ACTIVITY => Please repeat the records exactly. The pictures are to be left out.

DATA TO PROCESS =>

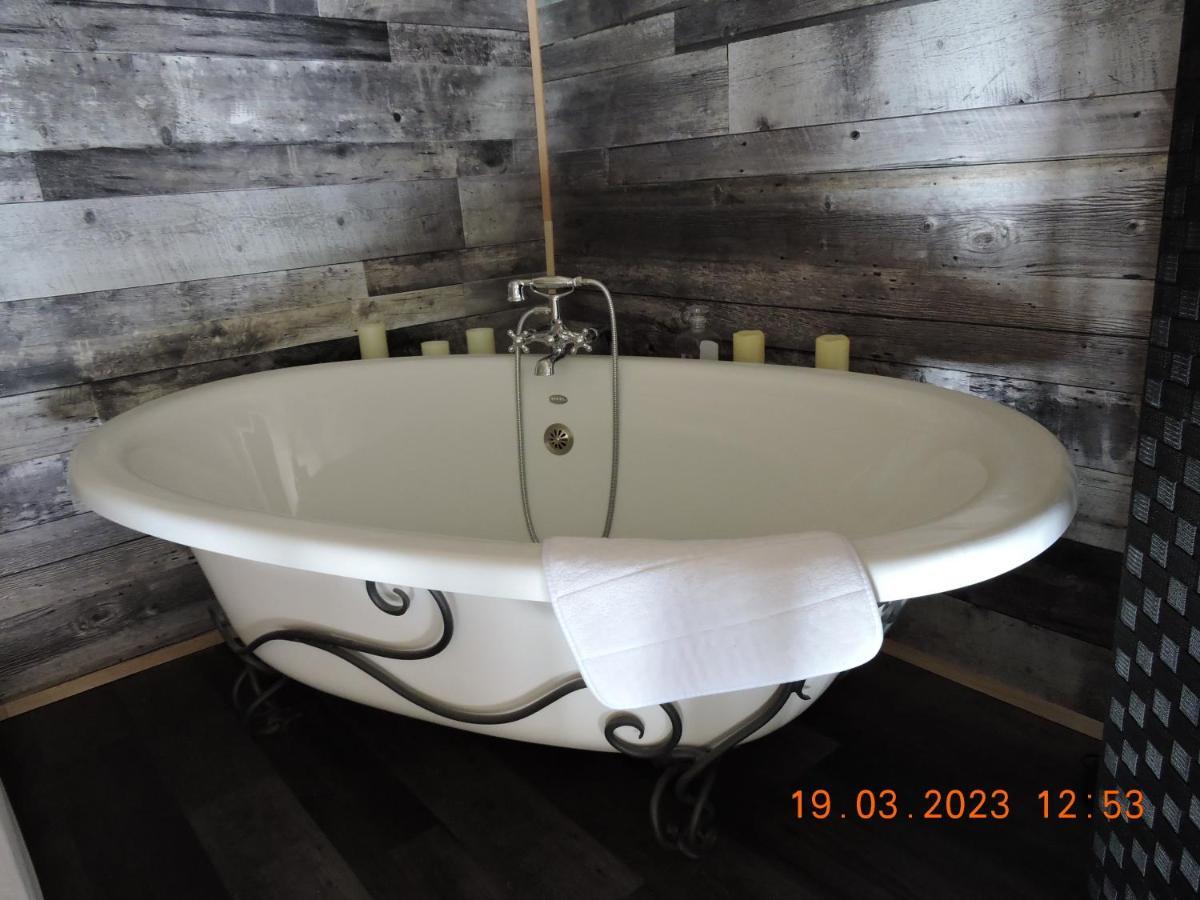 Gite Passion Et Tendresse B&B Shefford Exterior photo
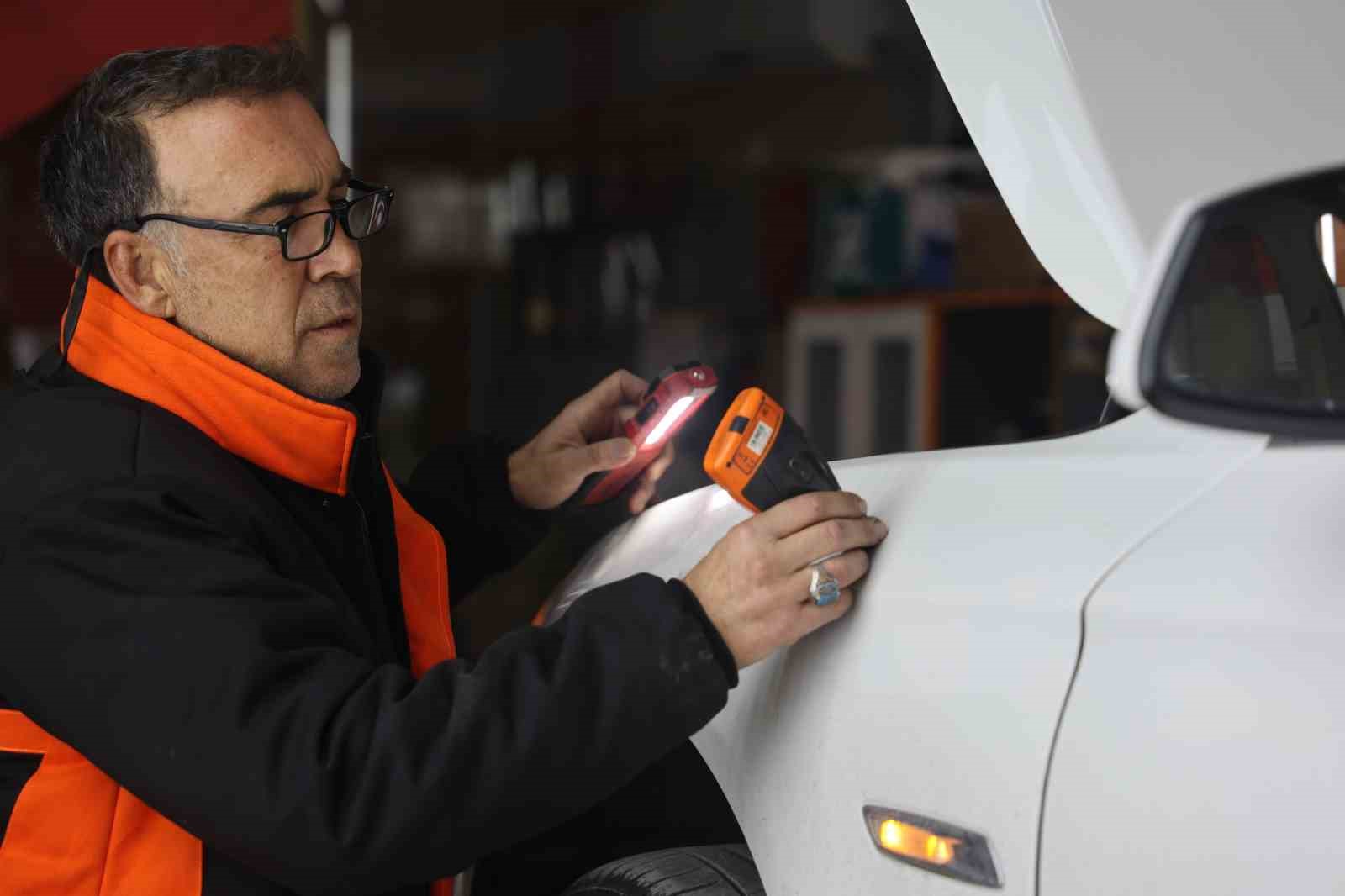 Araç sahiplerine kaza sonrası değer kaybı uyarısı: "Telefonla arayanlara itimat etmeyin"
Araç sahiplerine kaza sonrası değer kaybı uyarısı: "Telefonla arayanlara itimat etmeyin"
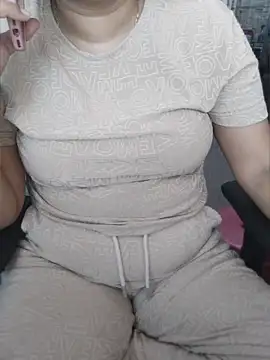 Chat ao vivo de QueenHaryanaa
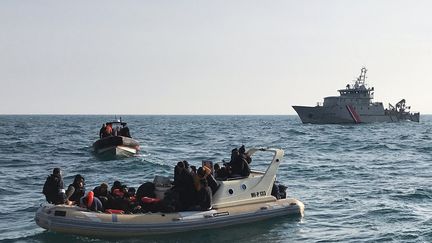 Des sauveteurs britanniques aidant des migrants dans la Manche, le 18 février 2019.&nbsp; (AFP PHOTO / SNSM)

RESPONSE BELOW =>
 Gite Passion Et Tendresse B&B Shefford Exterior photo
 Araç sahiplerine kaza sonrası değer kaybı uyarısı: "Telefonla arayanlara itimat etmeyin"
Araç sahiplerine kaza sonrası değer kaybı uyarısı: "Telefonla arayanlara itimat etmeyin"
 Chat ao vivo de QueenHaryanaa
 Des sauveteurs britanniques aidant des migrants dans la Manche, le 18 février 2019.&nbsp; (AFP PHOTO / SNSM)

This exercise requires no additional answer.